Performance with many INSERT ON CONFLICTs


(Chervine Majeri) #1

Hello,

We’re in process of migrating our application from sqlserver to cockroachdb, and we’re having big performance issues when doing many inserts.

We run a cluster of 3 cockroach nodes, with memory for cache and memory for sql queries both set at 35% (so 70% combined), running (in containers) on machines (VMs) with 10CPUs and 32GB of RAM, running on SSD.

For our application, we need to be able to insert a lot of rows initially (preferably as fast as possible) followed by a lot of periodic inserts (around 30k rows every 5-6 minutes or so). Some inserts will be updates of previously inserted data, and others are brand new (the proportion is about 40% inserts are actually updates, the rest are new inserts). We are unable on the application side to filter cases where it will be an update or a brand new insert without checking in DB.

So the logical thing for us seemed to be grouping up our rows batch by batch and running one long “INSERT … ON CONFLICT” with all the values inside. This feels slower than I would have expected, even knowing that our table has 7 different indexes.

For instance, a batch of 500 rows will routinely take more than 10-20s to complete on a “small-ish” table of 180k rows, which is very small compared to the potentially tens of millions rows that the end table would have.

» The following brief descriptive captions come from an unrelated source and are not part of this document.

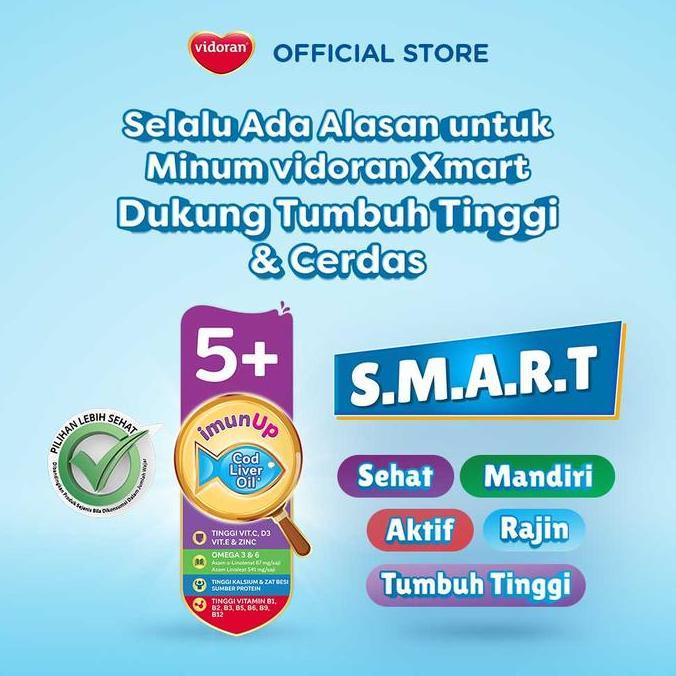 Milxia- Vidoran Xmart 5+ Coklat 700Gr Susu Anak 5 Tahun Ke Atas - 5 Box (Bubuk) - Exp : 02.2027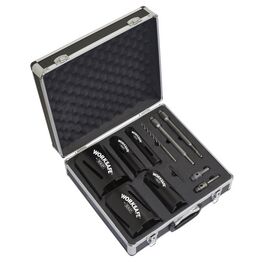 Sealey Diamond 5 Core Kit (38,52,65,117,127mm Cores with Adaptors) WDCKIT5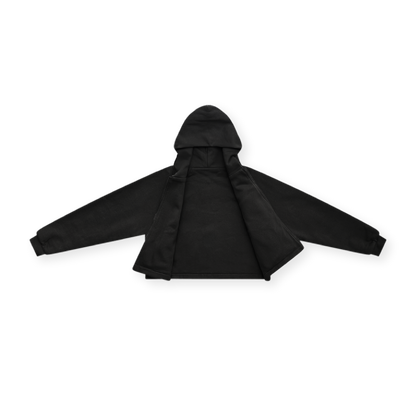 DOUBLE LAYERED ZIP UP PUFFY HOODIE - vwoollo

So I have a few questions, is this sort of performance normal, or is there something wrong with my nodes? I’m currently not loadbalancing across nodes, and simply sending all my requests to the same one.
I’ve set the trace option to see what part of the queries take the most time, and there’s a lot of “waited Xs for overlapping requests”, but our batches are sent one by one, and there is no overlap inside one batch (all the rows have distinct primary key, no value in the batch will conflict with another one in the same batch), is this expected?

How could I possibly increase performance? Spin up more nodes? load balance my write requests? Is there maybe some way that I could hint at cockroach as to what I need to do?

Thanks.


(Tim O'Brien) #2

Hey @CMajeri,

It’s difficult to draw conclusions without specifics, but 40ms per insert is definitely on the long end. To really dig in, we’d need to know:

  • How is the cluster provisioned? (i.e.: # of cores and their speed, available memory, disk type and speed)
  • How many nodes are there? What is the replication factor, and where are the nodes located?
  • What is the schema?

I suspect that you’re running into transaction contention based on the waiting for overlapping requests message. Usually this happens because the primary key is sequential, which means that your throughput is limited by the resources on a single node. But I’ll wait to hear more about your setup before drawing conclusions.


(Chervine Majeri) #3

The cluster is 3 VMs of 10CPUs with 3.1GHz each, 32GB of RAM (for system) with 70% that cockroach can access freely (35% cache, 35% sql queries memory), with 600GB SSD disks (I don’t know about speed, but decent enough).

The replication factor is 3, for 3 VMs.

Initially, the queries were all sent to the same VM.

The schema is this :

(
hash STRING,
idx INT4, 
owner STRING,
marked_hash STRING,
marked_idx INT4 NOT NULL,
timestamp TIMESTAMPTZ,
marked_timestamp TIMESTAMPTZ,
pinned BOOL NOT NULL,
PRIMARY KEY (hash, idx),
INDEX(marked_hash),
INDEX(owner, marked_idx),
INDEX(owner, timestamp),
INDEX(owner, marked_timestamp),
INDEX(pinned, timestamp, marked_idx),
INDEX(pinned, timestamp),
INDEX(owner, pinned)
).

As they get marked, previously unmarked objects are updated with reference to where they were marked, hence the upsert.

I have since updated the way I handle Upserts, and rather than doing INSERT … ON CONFLICT on a large batch, I first run a large transaction with many UPDATE statements, and then one with many INSERT statements with ON CONFLICT DO NOTHING. This seems to work WAY better, with writes being about 10ms each. With my workload, I do not specifically need the upsert to be all atomic so things work out in the end, but it still feels odd.
When I distribute the load parallelly across nodes instead of just sending them to a single one, performance increases even further than that, with a batch of 300 taking less than a second even though the table is more than 100 million rows.

With my “new way” of doing upserts, things go much better, without any query taking longer than a second, but I don’t quite know why just yet.